A few years earlier, in 2001, he won an Emmy for his film Heroines, which used music, poetry and photography to illustrate the lives of women trying to survive in Vancouver’s Downtown Eastside.

Even still, Feingold admits he was a little taken aback when Miss Landmine generated a slew of hateful, fiery messages online — mostly on feminist blogs and websites.

Some detractors argued that the pageant was sexist in nature, while others accused Traavik and the film crew of being exploitative white colonialists.

Some even went so far as to suggest the pageant sexualized the prosthetic limbs, making Feingold’s film a piece of amputee porn.

“I’ve heard it all, but I still truly believe it’s a noble effort,” says Feingold. “It meant so much to these people to have someone come and say ‘you’re beautiful.’ It made a huge difference in their lives.”

Feingold says he also hopes people won’t avoid seeing the film based on any presumptions.

“I think sometimes people hear about the pageant and their initial reaction is ‘that must be disgusting,’” he says. “I would encourage people to keep an open mind and watch it. It’s actually a movie full of contrast, irony, and beauty.”

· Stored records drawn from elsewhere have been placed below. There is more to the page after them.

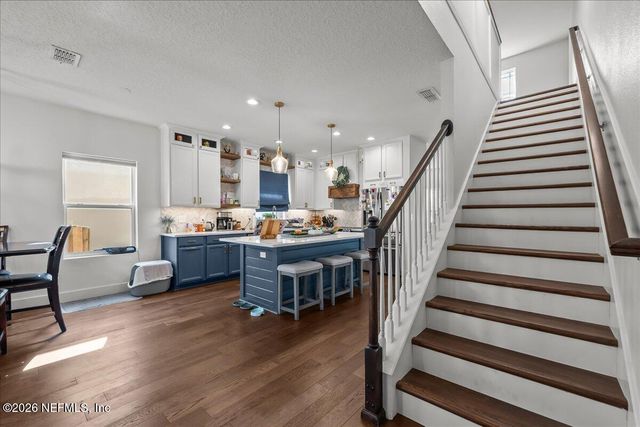 2871 WOODBRIDGE CROSSING Court, Green Cove Springs, FL 32043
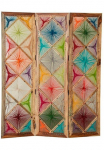 OTTO home &Scaron;irma &raquo;Verbena&laquo; plotis 153 cm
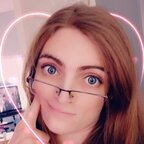 phox_in_socks (Phox in Socks) OnlyFans Leaked Content 

 profile picture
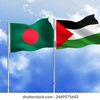 jisan.ahmed0079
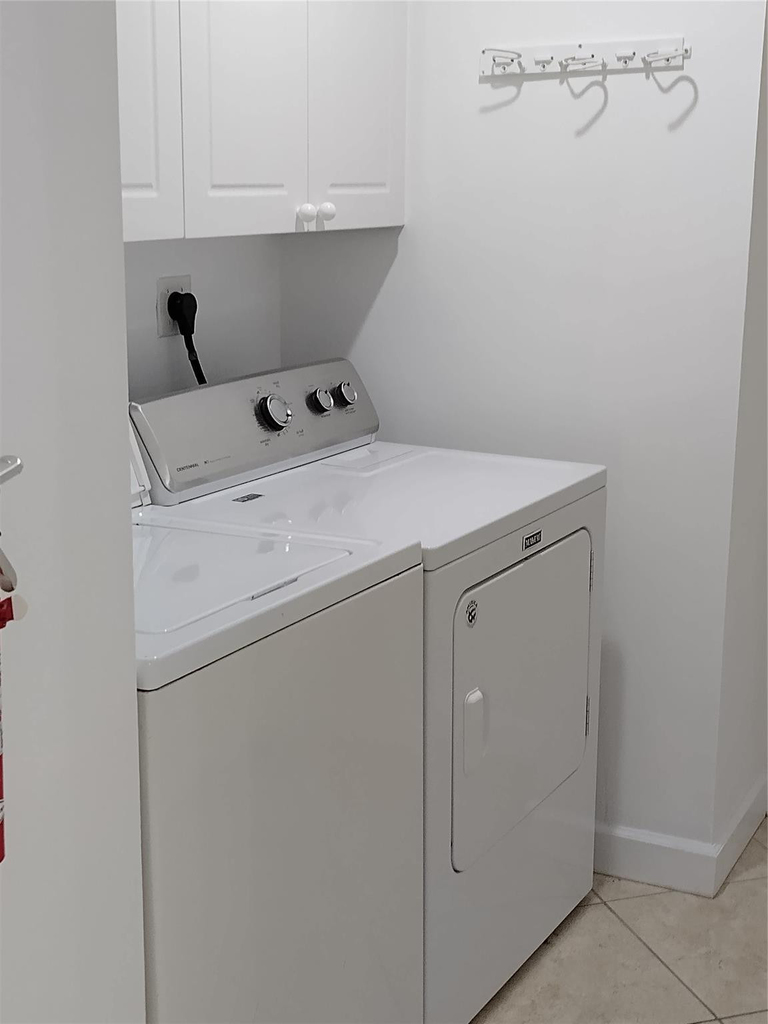 100 S Birch Road - Photo 13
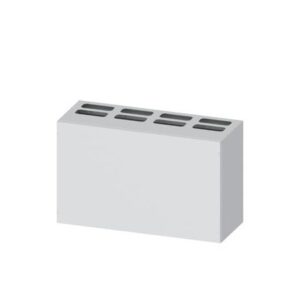 Siemens 8GK1383-2KK45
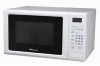 Reviews and ratings for Magic Chef MCM1110W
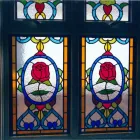 Business 1 image AH ALAN Steel Stockholders in Northampton No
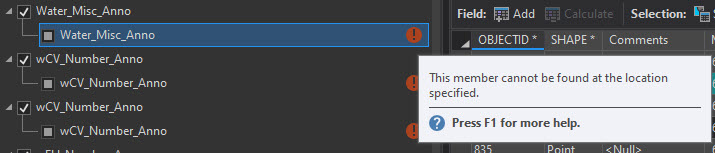 Annotation error.jpg Annotation error.jpg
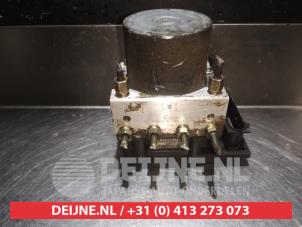 Subaru Forester ABS Pumpe O337752 foto 2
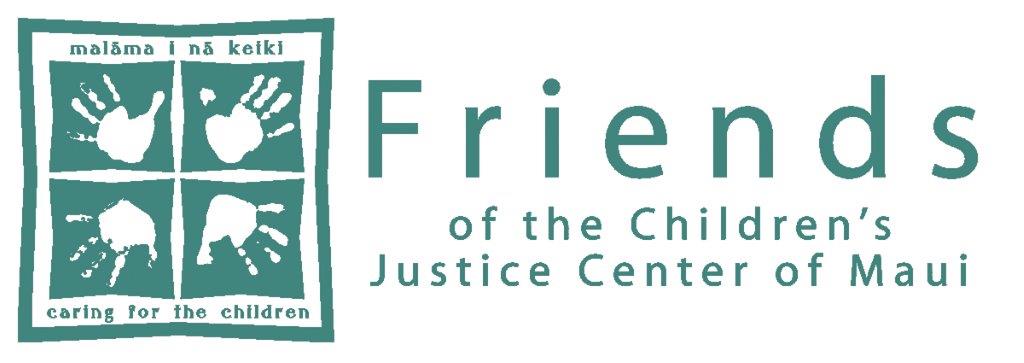 MauiFCJC Logo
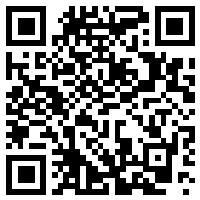 QR Code for bitcoin:1AifA8xwiHd27VLJN6Axna7poxpppQgcrR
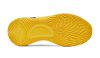 UNDER ARMOUR CURRY 4 LOW FLOTRO TEAM ROYAL/TAXI 405
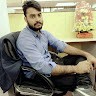 TARUN SHARMA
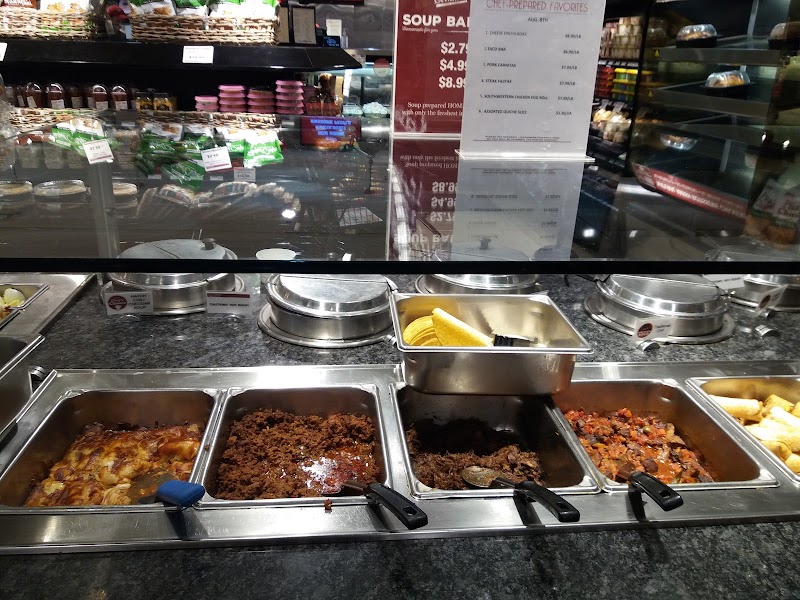 Sendik's Food Market Wauwatosa - photo 3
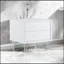 Table d'appoint Deoss-534700401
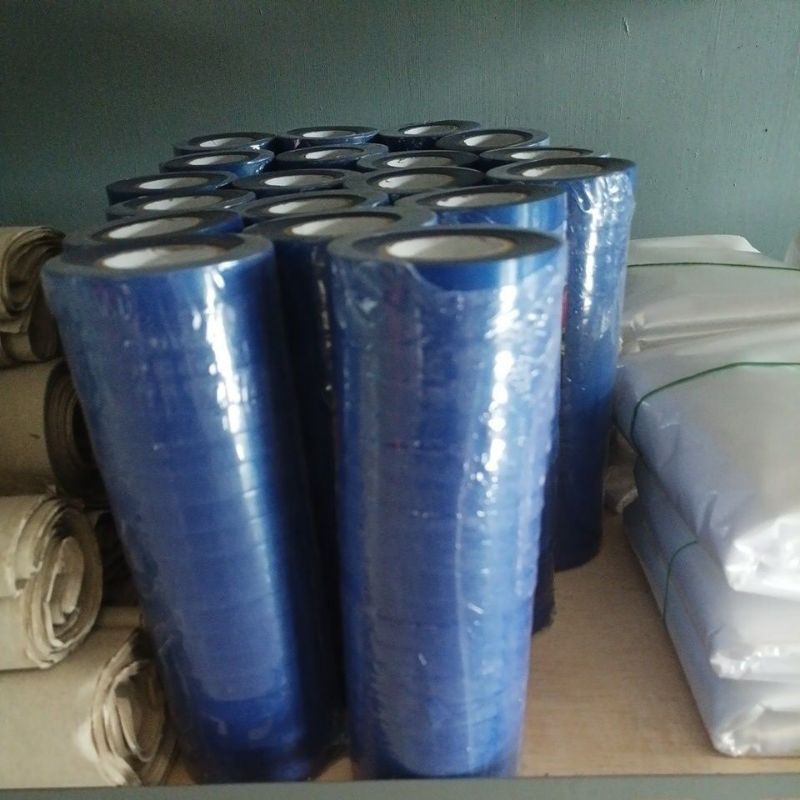 Pita Tapetool 1 slop/ 20 roll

This Saturday, Oct. 16, Feingold will fly to San Francisco to attend the film’s world premier. The following week he’ll fly to Norway to screen the documentary at the prestigious Bergen International Film Festival.

Canadian viewers will get their first chance to see the film when it premiers on Canadian television on November 22 at 6 p.m. on the CBC’s documentary channel.